*Task statement*. Pictures excluded, please retype exactly the lines from the start of the data through the line that contains "Chaises de salle", both ends kept, and nothing beyond them.

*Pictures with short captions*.
··········

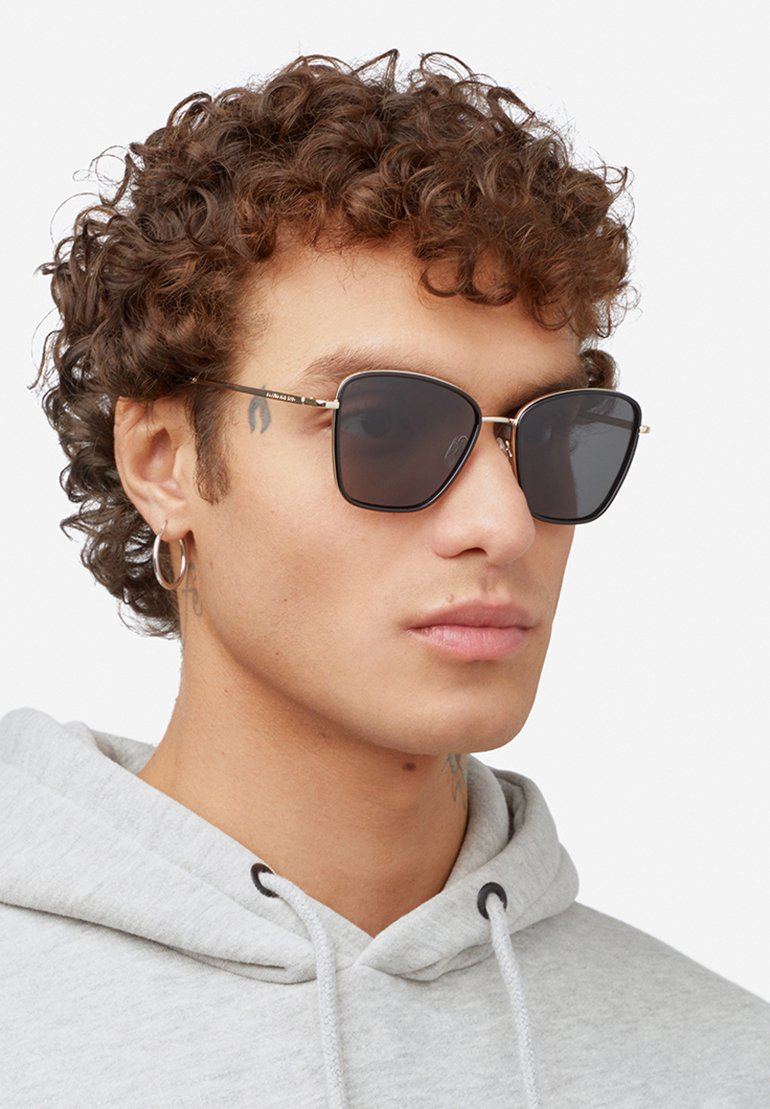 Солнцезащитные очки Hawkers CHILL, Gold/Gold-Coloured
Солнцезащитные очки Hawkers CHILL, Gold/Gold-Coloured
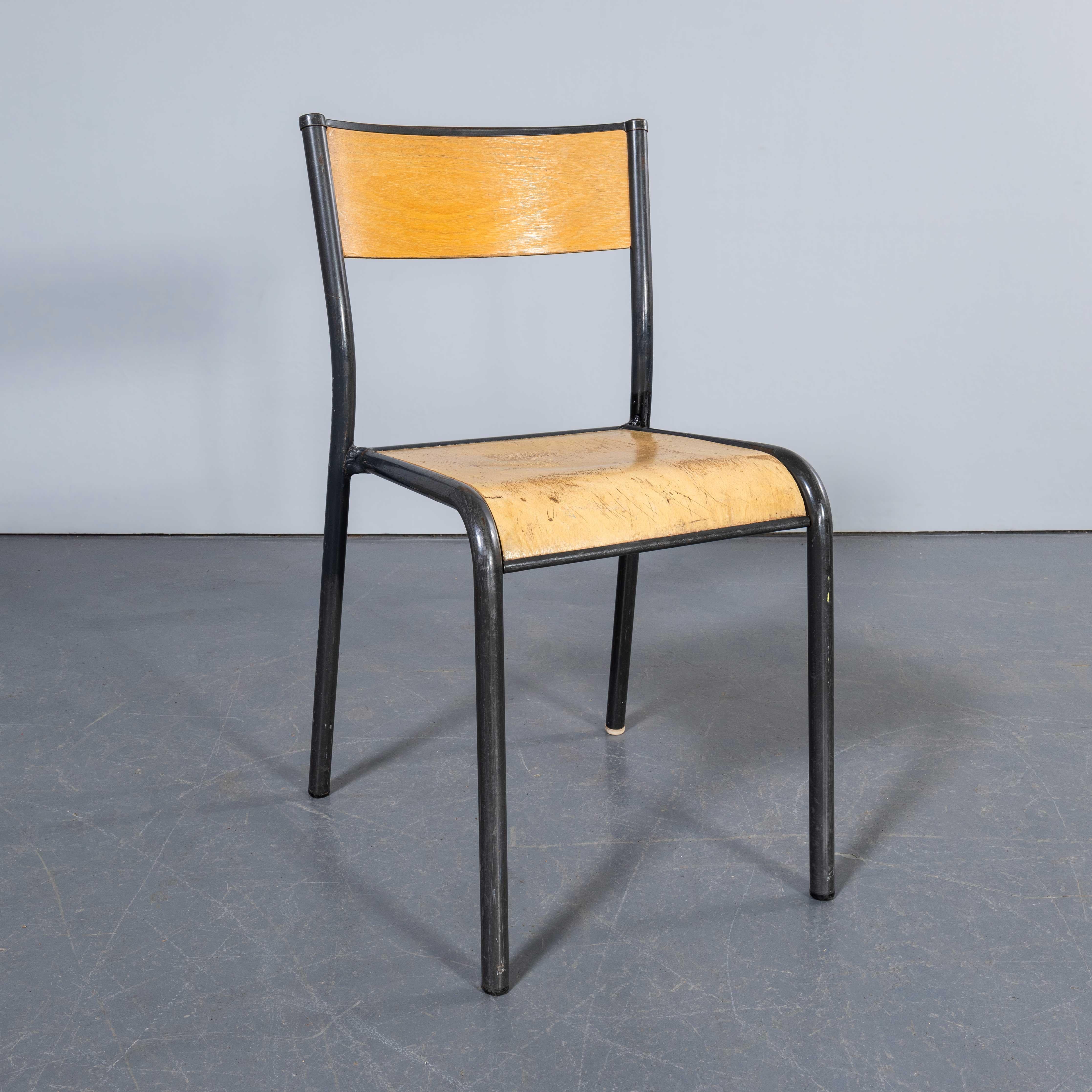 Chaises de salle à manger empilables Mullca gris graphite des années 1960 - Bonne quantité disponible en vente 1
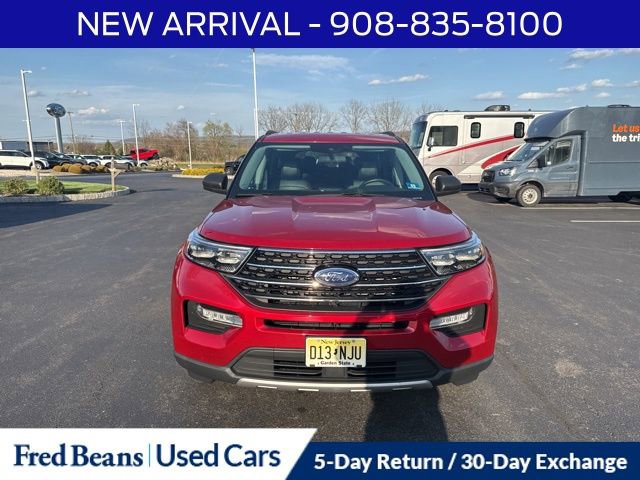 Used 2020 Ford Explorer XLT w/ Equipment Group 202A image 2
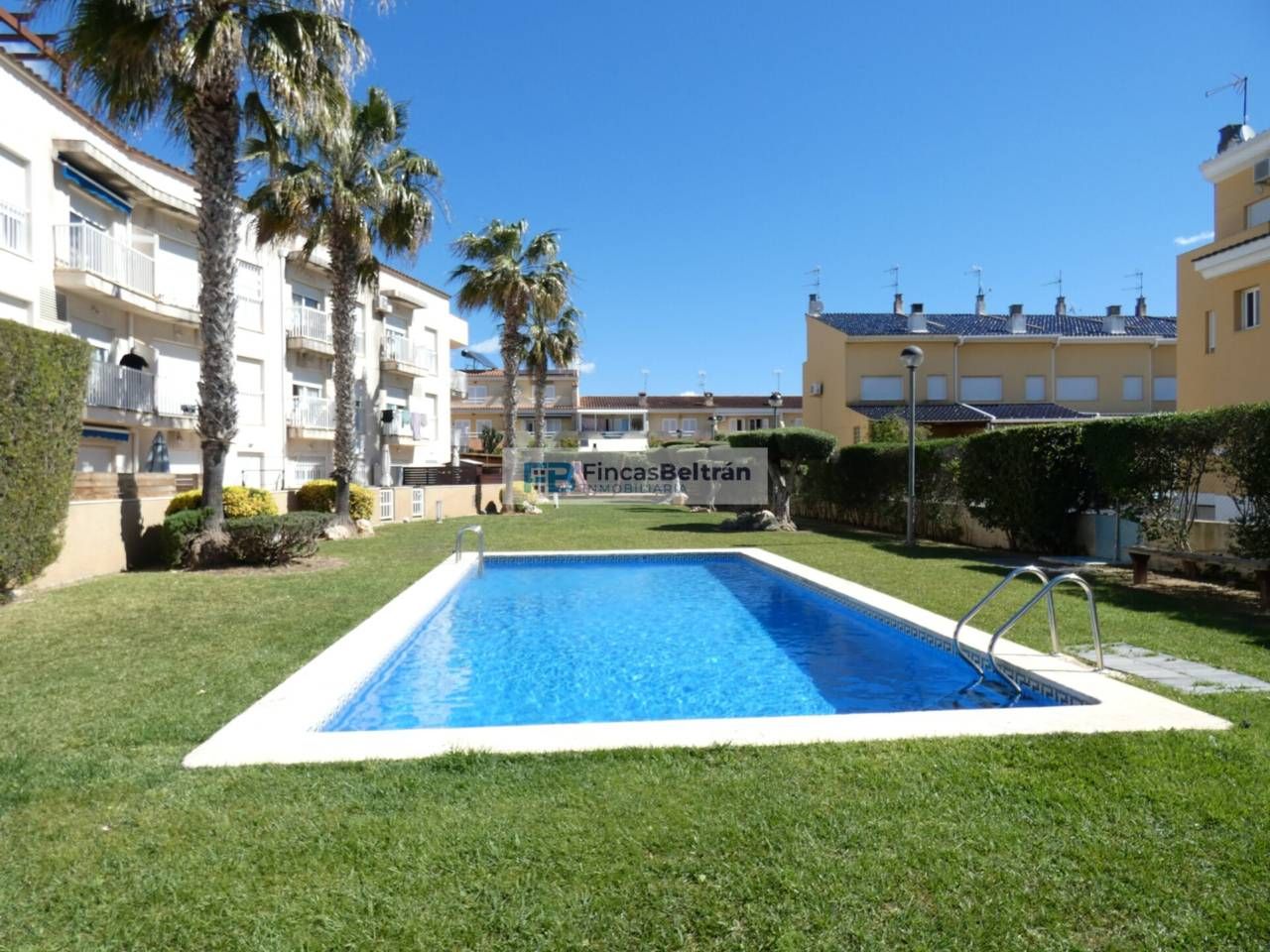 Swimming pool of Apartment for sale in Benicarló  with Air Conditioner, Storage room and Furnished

··········

*Answer to this problem*.
 Солнцезащитные очки Hawkers CHILL, Gold/Gold-Coloured
Солнцезащитные очки Hawkers CHILL, Gold/Gold-Coloured
 Chaises de salle à manger empilables Mullca gris graphite des années 1960 - Bonne quantité disponible en vente 1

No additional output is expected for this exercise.